Madeira: máscaras na rua a partir dos seis anos e turistas a pagar quartos de hotel se tiverem de ficar em quarentena

O Governo regional retomou as videoconferências sobre covid-19. Miguel Albuquerque afirma: “Isto não é um sprint. É uma maratona, e ainda vamos a meio da corrida.”

Foto
Nuno Ferreira Santos

Há todo um simbolismo, e Miguel Albuquerque, o presidente do governo regional da Madeira, não o esconde. O regresso das videoconferências, transmitidas em directo nas redes sociais geridas pelo executivo, pretende sublinhar junto da população, a gravidade da situação.

“Estamos numa fase de recrudescimento da pandemia, que vai ter efeitos muito complicados na vida social e na vida económica da região”, disse Albuquerque, em resposta a uma pergunta do PÚBLICO, precisamente sobre o regresso do formato de videoconferências. A última, tinha sido em Maio. “A situação é de facto dramática, não podemos escamotear esta questão”, insistiu, dizendo que não se trata de promover “alarmismos”, mas sim de tomar as medidas necessárias para enfrentar a pandemia.

A conferência de imprensa, que juntou ainda os secretários regionais da Saúde e Protecção Civil, Pedro Ramos, e do Turismo e Cultura, Eduardo Jesus, foi convocada para anunciar as novas medidas de combate e controlo da propagação da pandemia, que até ao momento foi responsável por 423 casos confirmados de covid-19, 160 dos quais continuam activos. Sem vítimas mortais e com poucas pessoas a terem tido necessidade de internamento hospitalar, o arquipélago tem conseguido sobreviver à pandemia sem impactos significativos ao nível da saúde.

A explicação, diz Albuquerque, reside nas medidas profilácticas adoptadas na Madeira (uso de máscara na rua, proibição de visitas a lares e testagem a todos os que chegam à região autónoma), aos profissionais de saúde e ao empenho de toda a população no cumprimento das medidas recomendadas pelo governo.

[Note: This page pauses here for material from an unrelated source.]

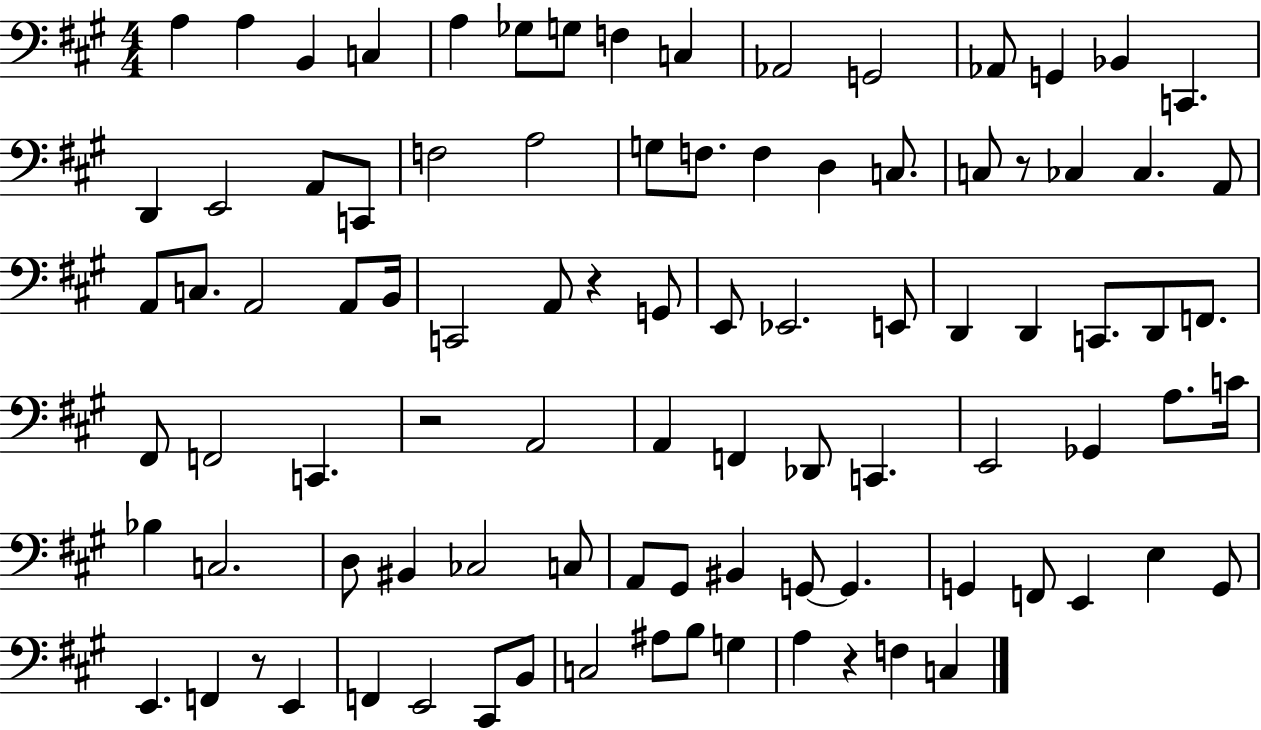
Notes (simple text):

A3/q A3/q B2/q C3/q A3/q Gb3/e G3/e F3/q C3/q Ab2/h G2/h Ab2/e G2/q Bb2/q C2/q. D2/q E2/h A2/e C2/e F3/h A3/h G3/e F3/e. F3/q D3/q C3/e. C3/e R/e CES3/q CES3/q. A2/e A2/e C3/e. A2/h A2/e B2/s C2/h A2/e R/q G2/e E2/e Eb2/h. E2/e D2/q D2/q C2/e. D2/e F2/e. F#2/e F2/h C2/q. R/h A2/h A2/q F2/q Db2/e C2/q. E2/h Gb2/q A3/e. C4/s Bb3/q C3/h. D3/e BIS2/q CES3/h C3/e A2/e G#2/e BIS2/q G2/e G2/q. G2/q F2/e E2/q E3/q G2/e E2/q. F2/q R/e E2/q F2/q E2/h C#2/e B2/e C3/h A#3/e B3/e G3/q A3/q R/q F3/q C3/q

Mas, avisou o chefe do executivo de coligação PSD/CDS, o combate não é um sprint. É uma maratona, e ainda não chegamos a meio da corrida. Por isso, a Madeira vai apertar as medidas. Para começar, o uso de máscara em todo o espaço público, que era recomendado, vai passar a obrigatório a partir dos seis anos. Sempre que não seja possível respeitar o distanciamento social. Uma medida, em linha com o que está em vigor no continente, deverá começar a ser aplicada já na próxima semana.

Depois, mais restrições para quem chega ao arquipélago. Até agora, os turistas que desembarcavam sem teste negativo feito, são testados e em caso de resultado positivo à covid-19 ficam em quarentena numa das unidades hoteleiras que o governo madeirense reservou (estão alocados 246 quartos para esse fim). Com as despesas a subir, entre testes e alojamento já foram gastos perto de 20 milhões de euros desde que os aeroportos madeirenses reabriram a 1 de Julho, e na impossibilidade de obrigar todos os que cheguem a ter um teste negativo, o Funchal quer pelo menos que paguem as despesas de alojamento.

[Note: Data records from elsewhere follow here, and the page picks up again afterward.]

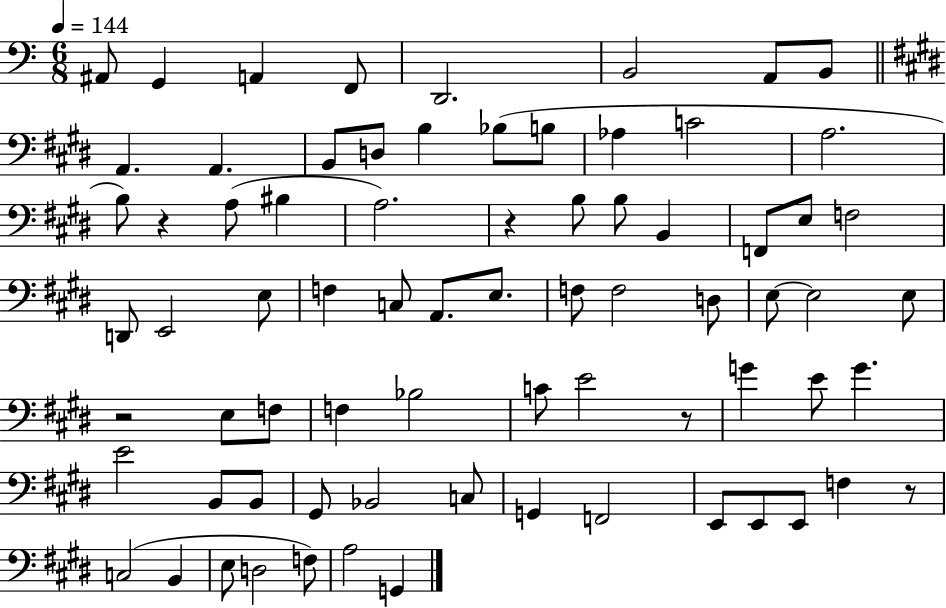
A#2/e G2/q A2/q F2/e D2/h. B2/h A2/e B2/e A2/q. A2/q. B2/e D3/e B3/q Bb3/e B3/e Ab3/q C4/h A3/h. B3/e R/q A3/e BIS3/q A3/h. R/q B3/e B3/e B2/q F2/e E3/e F3/h D2/e E2/h E3/e F3/q C3/e A2/e. E3/e. F3/e F3/h D3/e E3/e E3/h E3/e R/h E3/e F3/e F3/q Bb3/h C4/e E4/h R/e G4/q E4/e G4/q. E4/h B2/e B2/e G#2/e Bb2/h C3/e G2/q F2/h E2/e E2/e E2/e F3/q R/e C3/h B2/q E3/e D3/h F3/e A3/h G2/q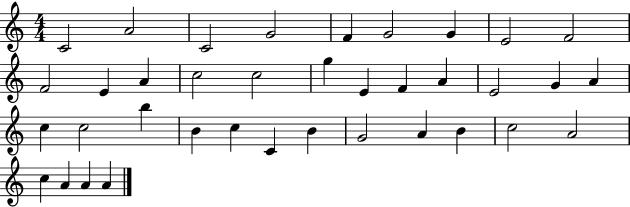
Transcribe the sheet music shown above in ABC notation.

X:1
T:Untitled
M:4/4
L:1/4
K:C
C2 A2 C2 G2 F G2 G E2 F2 F2 E A c2 c2 g E F A E2 G A c c2 b B c C B G2 A B c2 A2 c A A A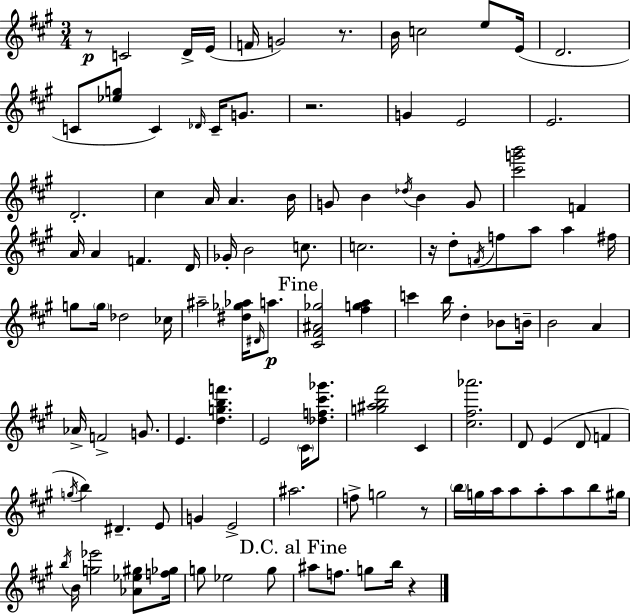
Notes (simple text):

R/e C4/h D4/s E4/s F4/s G4/h R/e. B4/s C5/h E5/e E4/s D4/h. C4/e [Eb5,G5]/e C4/q Db4/s C4/s G4/e. R/h. G4/q E4/h E4/h. D4/h. C#5/q A4/s A4/q. B4/s G4/e B4/q Db5/s B4/q G4/e [C#6,G6,B6]/h F4/q A4/s A4/q F4/q. D4/s Gb4/s B4/h C5/e. C5/h. R/s D5/e F4/s F5/e A5/e A5/q F#5/s G5/e G5/s Db5/h CES5/s A#5/h [D#5,Gb5,Ab5]/s D#4/s A5/e. [C#4,F#4,A#4,Gb5]/h [F#5,G5,A5]/q C6/q B5/s D5/q Bb4/e B4/s B4/h A4/q Ab4/s F4/h G4/e. E4/q. [D5,G5,B5,F6]/q. E4/h C#4/s [Db5,F5,C#6,Gb6]/e. [G5,A#5,B5,F#6]/h C#4/q [C#5,F#5,Ab6]/h. D4/e E4/q D4/e F4/q G5/s B5/q D#4/q. E4/e G4/q E4/h A#5/h. F5/e G5/h R/e B5/s G5/s A5/s A5/e A5/e A5/e B5/e G#5/s B5/s B4/s [G5,Eb6]/h [Ab4,Eb5,G#5]/e [F5,Gb5]/s G5/e Eb5/h G5/e A#5/e F5/e. G5/e B5/s R/q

A solução encontrada passa por “mitigar” esses custos, através da transferência da verba paga pelos turistas no acto da reserva às unidades hoteleiras, para o Instituto de Administração da Saúde da Madeira. Assim, os turistas que testem positivo vão pagar a diária nas unidades hoteleiras reservadas para doentes covid-19, até a um máximo de 108 euros por quarto single e 141 euros por quarto duplo. Um valor a que se soma 120 euros, referentes à despesas relacionadas com a desinfecção do alojamento.

Mais. Os atletas amadores que viajem com as equipas para o continente, quando regressarem à região têm de fazer um segundo teste. O primeiro à chegada, e o segundo entre o 5.º e o 7º dia após o regresso. Durante esse período, até terem dois resultados negativos, têm que ficar em isolamento. A medida, explicou Miguel Albuquerque, aplica-se a todos os que trabalhem nas áreas da Educação (incluindo alunos), Saúde, Social e Protecção Civil.

A Madeira prolongou a situação de calamidade até ao final do mês de Novembro, e o líder do executivo regional avisa que as medidas anunciadas esta quinta-feira serão reavaliadas dentro de 15 dias. Os custos sociais e económicos de um novo confinamento são inimagináveis para a Madeira, mas, vincou, estamos preparados para fazer o que for necessário para salvaguardar a saúde das pessoas.